A continuación hace una recomendación que tampoco nos vendría mal ahora, como es la de lavarse a menudo las manos; las otras no tienen razón de ser hoy día y creo que tampoco entonces, pues eso de que se han de quitar las espadas en la cocina huelga; me figuro se las quitarían aunque Montiño no se lo dijera, pues para una reyerta basta con sus cuchillos, bien afilados, y no veo qué fin persiguen guisoteando con una espada al cinto, que unas veces se les metería entre piernas y otras se engancharía en todas partes.

Que me perdone don Teodoro Bardají, pero no se vislumbra por parte alguna el gorro que nos asegura usaban los cocineros españoles de tiempo inmemorial. Tampoco estoy conforme con los que aseguran que lo inventó Carême, ya que existen grabados y caricaturas del siglo XVIII en que se ven cocineros con gorros enormes, delantales fruncidos y una correa al cinto con un cuchillo trinchante metido en una vaina de cuero.

Tampoco Montiño menciona delantales o mandiles; en cambio, recomienda que las camisas estén limpias y se quiten los puños para trabajar.

«Has de procurar que en la cocina haya cada día ropa blanca[104] para cubrir la mesa y los asadores con la vianda, y para que se limpien las manos; y pondrás una costumbre: que todos los oficiales y mozos que entrasen por la mañana en la cocina lo primero que han de hacer sea quitarse sus capas y espadas y colgarlas[105] en el palo y los clavos que están puestos para ello; quitarse los puños, lavarse las manos, limpiarse en una toalla que estará colgada para esto y trabajar con mucha limpieza. Si alguno tomase su capa[106] saliese fuera, cuando tornase a entrar se torne a quitar los puños, lavarse las manos y limpiarse en la toalla. A una parte de la mesa harás de poner unos manteles limpios y pondrás sobre ellos la plata, y cuando fuera hora de hacer gigotes[107] háganse sobre los manteles, porque los platos estén limpios por los suelos[108], y no consientas hacer gigote ninguno a ningún mozo ni oficial sin su toalla al hombro y su tenedor[109], y tomará la pieza, pierna o ave, con el tenedor muy bien y picará en el ayre con mucha gracia, y advierta al que picare no ha de toser ni hablar, ni hacer otra cosa ninguna, sino estar con mucha compostura, porque es mucha descompostura, porque es mucho descomedimiento picar y hablar. No consientas que en la cocina, entretanto que se trabaja, haya conversaciones ni almuerzos[110]. La gente de la cocina antes que se ponga a trabajar, en acabando de tomar bocado, luego ha de hacer un almuerzo, y almuercen todos y ninguno ande comiendo por la cocina, que parece mal; y en acabando de almorzar lávense las manos y cada uno acuda a lo que tiene a cargo».

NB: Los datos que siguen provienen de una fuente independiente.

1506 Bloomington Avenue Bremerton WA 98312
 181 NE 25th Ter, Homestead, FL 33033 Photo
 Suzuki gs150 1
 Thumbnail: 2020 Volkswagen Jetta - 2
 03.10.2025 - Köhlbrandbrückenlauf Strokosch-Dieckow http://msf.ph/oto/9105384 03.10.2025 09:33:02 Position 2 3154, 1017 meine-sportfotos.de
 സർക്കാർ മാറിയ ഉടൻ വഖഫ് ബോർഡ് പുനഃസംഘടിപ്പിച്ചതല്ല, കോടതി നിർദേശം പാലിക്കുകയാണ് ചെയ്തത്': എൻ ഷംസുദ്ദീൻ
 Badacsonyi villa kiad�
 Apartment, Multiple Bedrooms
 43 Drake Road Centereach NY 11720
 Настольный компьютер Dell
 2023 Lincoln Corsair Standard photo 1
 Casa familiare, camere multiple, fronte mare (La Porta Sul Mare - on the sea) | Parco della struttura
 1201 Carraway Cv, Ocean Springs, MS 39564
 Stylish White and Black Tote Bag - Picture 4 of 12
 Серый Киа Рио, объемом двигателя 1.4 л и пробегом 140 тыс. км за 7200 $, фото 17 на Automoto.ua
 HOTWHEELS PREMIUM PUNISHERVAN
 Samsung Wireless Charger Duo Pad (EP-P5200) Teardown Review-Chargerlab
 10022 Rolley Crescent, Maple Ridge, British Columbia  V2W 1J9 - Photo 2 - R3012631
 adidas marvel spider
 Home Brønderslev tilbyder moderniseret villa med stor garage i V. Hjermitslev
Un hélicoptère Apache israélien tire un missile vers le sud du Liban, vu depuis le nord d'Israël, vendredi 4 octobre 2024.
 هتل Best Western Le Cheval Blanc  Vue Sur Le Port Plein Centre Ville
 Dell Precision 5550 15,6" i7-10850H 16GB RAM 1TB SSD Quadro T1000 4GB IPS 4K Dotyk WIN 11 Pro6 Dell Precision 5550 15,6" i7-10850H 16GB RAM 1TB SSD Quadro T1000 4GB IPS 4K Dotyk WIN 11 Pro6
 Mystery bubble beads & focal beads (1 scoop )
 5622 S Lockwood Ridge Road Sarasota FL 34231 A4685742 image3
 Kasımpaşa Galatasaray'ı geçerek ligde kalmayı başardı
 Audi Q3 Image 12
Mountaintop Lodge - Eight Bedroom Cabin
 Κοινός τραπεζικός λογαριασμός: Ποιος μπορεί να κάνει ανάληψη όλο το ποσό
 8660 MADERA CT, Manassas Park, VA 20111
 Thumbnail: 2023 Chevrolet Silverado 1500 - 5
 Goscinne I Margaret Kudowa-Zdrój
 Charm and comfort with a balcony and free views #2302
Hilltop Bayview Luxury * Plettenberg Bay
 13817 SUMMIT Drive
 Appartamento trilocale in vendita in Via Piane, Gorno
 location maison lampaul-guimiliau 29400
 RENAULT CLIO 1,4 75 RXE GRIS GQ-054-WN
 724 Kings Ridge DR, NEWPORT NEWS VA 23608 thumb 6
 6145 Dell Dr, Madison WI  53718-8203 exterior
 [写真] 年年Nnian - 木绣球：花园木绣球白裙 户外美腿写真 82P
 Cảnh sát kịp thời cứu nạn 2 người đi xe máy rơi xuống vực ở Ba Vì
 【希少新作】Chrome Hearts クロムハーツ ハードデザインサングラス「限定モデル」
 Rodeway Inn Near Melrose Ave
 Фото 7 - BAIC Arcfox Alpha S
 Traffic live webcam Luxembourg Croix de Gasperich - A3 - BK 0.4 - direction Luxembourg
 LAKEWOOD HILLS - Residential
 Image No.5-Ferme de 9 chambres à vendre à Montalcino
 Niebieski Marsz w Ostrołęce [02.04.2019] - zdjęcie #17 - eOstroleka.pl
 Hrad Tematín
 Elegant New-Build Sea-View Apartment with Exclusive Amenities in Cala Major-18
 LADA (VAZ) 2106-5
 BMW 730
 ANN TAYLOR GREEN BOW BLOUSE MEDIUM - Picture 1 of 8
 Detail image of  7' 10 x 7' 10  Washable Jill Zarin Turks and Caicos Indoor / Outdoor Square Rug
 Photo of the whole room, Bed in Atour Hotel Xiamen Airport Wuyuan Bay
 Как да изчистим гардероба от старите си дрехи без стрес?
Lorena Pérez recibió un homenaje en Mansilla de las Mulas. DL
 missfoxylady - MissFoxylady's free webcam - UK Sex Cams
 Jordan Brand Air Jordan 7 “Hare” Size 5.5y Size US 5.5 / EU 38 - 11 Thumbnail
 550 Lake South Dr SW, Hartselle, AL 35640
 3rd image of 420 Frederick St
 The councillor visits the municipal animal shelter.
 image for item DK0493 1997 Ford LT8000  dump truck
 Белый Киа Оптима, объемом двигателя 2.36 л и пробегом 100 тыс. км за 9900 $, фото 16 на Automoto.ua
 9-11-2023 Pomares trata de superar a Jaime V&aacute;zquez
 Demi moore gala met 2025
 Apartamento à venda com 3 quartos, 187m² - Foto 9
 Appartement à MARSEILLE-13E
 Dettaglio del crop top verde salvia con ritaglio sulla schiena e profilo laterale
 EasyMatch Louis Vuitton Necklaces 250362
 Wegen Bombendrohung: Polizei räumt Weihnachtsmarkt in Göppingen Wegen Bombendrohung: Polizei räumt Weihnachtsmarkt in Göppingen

En este último párrafo hay varias cosas que no entendemos bien. ¿Qué quiere decir «picar en el ayre con mucha gracia»? Pues en aquel entonces no se trinchaba en la cocina; las piezas se colocaban enteras en la mesa; si se trata verdaderamente de trinchar no creo que sea lo más fácil hacerlo al «ayre», y si se trata tan sólo de trasladar la vianda del fuego a la fuente no veo la necesidad de esos juegos malabares; nada, que eso de «tomará la pieza, pierna o ave, con el tenedor muy bien, y picará en el ayre con mucha gracia» me ha dejado pensativa. ¿Qué fin perseguirá con tanta gracia y por qué habrá que levantar la pieza como un trofeo?

Lo que sí me parece de perlas es que no se tosa sobre la pieza; en cambio, no concibo en qué la perjudicaba el que se hablara.